Namun di sisi lain, kebijakan ini menimbulkan pertanyaan mendasar: apakah tindakan tersebut konstitusional, atau justru menabrak prinsip tata kelola keuangan negara?
Sebagai bangsa yang mendasarkan pengelolaan keuangan pada Pasal 23 UUD 1945, jelas ditegaskan bahwa APBN adalah wujud pengelolaan keuangan negara yang harus ditetapkan dengan undang-undang dan dijalankan secara terbuka serta bertanggung jawab. Semua penerimaan dan pengeluaran negara, tanpa kecuali, wajib melalui mekanisme APBN.
Pertanyaannya: apakah penempatan Rp 200 triliun di bank-bank itu termasuk pengeluaran negara (expenditure) atau hanya manajemen kas (cash management)?
Jika dikategorikan pengeluaran, maka jelas kebijakan ini semestinya mendapat persetujuan DPR. Namun jika dianggap manajemen kas, Menkeu memiliki diskresi penuh tanpa perlu melibatkan legislatif. Inilah “wilayah abu-abu” yang menimbulkan kontroversi.
Kritik keras dilontarkan oleh ekonom senior Didik J. Rachbini yang menilai kebijakan ini melanggar konstitusi serta bertentangan dengan UU No. 17/2003 tentang Keuangan Negara dan UU No. 1/2004 tentang Perbendaharaan Negara. Pasal 22 ayat (9) UU Perbendaharaan bahkan secara eksplisit mengatur bahwa dana yang ditempatkan di rekening pengeluaran bank umum harus sesuai dengan rencana pengeluaran dalam APBN. Artinya, ruang diskresi Menkeu sebenarnya tidak sebebas itu.
Selain masalah konstitusionalitas, implikasi kebijakan ini juga patut dicermati. Dengan menaruh dana besar di bank, pemerintah memang bisa mendorong penyaluran kredit. Tetapi konsekuensinya adalah munculnya ketergantungan bank terhadap dana negara, berkurangnya insentif bank untuk menghimpun dana masyarakat, hingga potensi moral hazard.
Yang lebih berbahaya, jika terjadi gejolak perbankan atau krisis keuangan, dana negara sebesar itu bisa saja terancam tidak kembali. Risiko fiskal ini tidak kecil, apalagi dana tersebut bersumber dari uang rakyat yang mestinya dikelola dengan prinsip kehati-hatian.

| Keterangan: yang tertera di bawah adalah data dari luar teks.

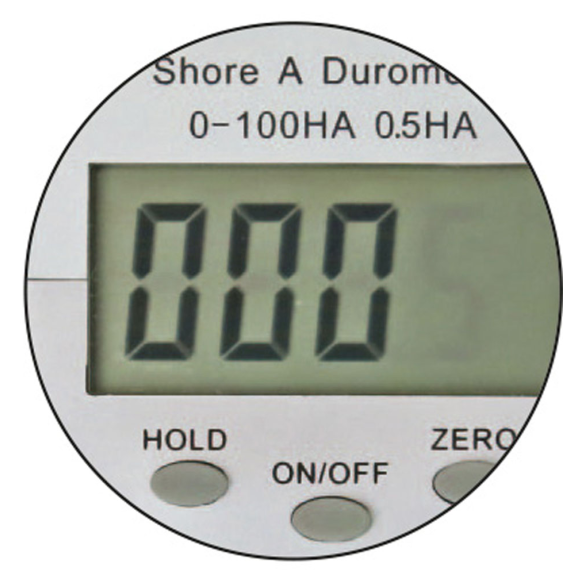 Digital-Shore-Härtemessgerät für interne Vergleichsmessungen 0-100HC Digital-Shore-Härtemessgerät für interne Vergleichsmessungen 0-100HC-Beschreibung lesen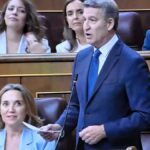 Feijó a Sánchez: "Son los españoles los que quieren salvarse de usted"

Karena itu, transparansi menjadi kunci. Publik berhak tahu ke mana dana ditempatkan, berapa bunga yang diperoleh, bagaimana tenor perjanjian, dan apa dampak nyata terhadap kredit produktif. Lebih baik lagi jika DPR dilibatkan secara formal, misalnya lewat APBN-P, agar kebijakan memiliki legitimasi hukum yang kuat.
Belajar dari praktik internasional, misalnya di Amerika Serikat, pengelolaan Treasury General Account dilakukan dengan pelaporan terbuka yang bisa dipantau publik setiap hari. Mengapa Indonesia tidak bisa meniru hal yang sama?

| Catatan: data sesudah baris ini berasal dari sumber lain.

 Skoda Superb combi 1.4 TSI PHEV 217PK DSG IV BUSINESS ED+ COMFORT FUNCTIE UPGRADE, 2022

Pada akhirnya, menempatkan Rp 200 triliun dana negara di bank adalah kebijakan besar yang menyangkut konstitusi, fiskal, dan kepercayaan publik.
Pemerintah tentu boleh mengambil langkah strategis, tetapi jangan sampai mengorbankan prinsip transparansi, akuntabilitas, dan supremasi hukum. Tanpa itu semua, kebijakan ini berpotensi menimbulkan krisis kepercayaan yang jauh lebih mahal dari sekadar bunga deposito.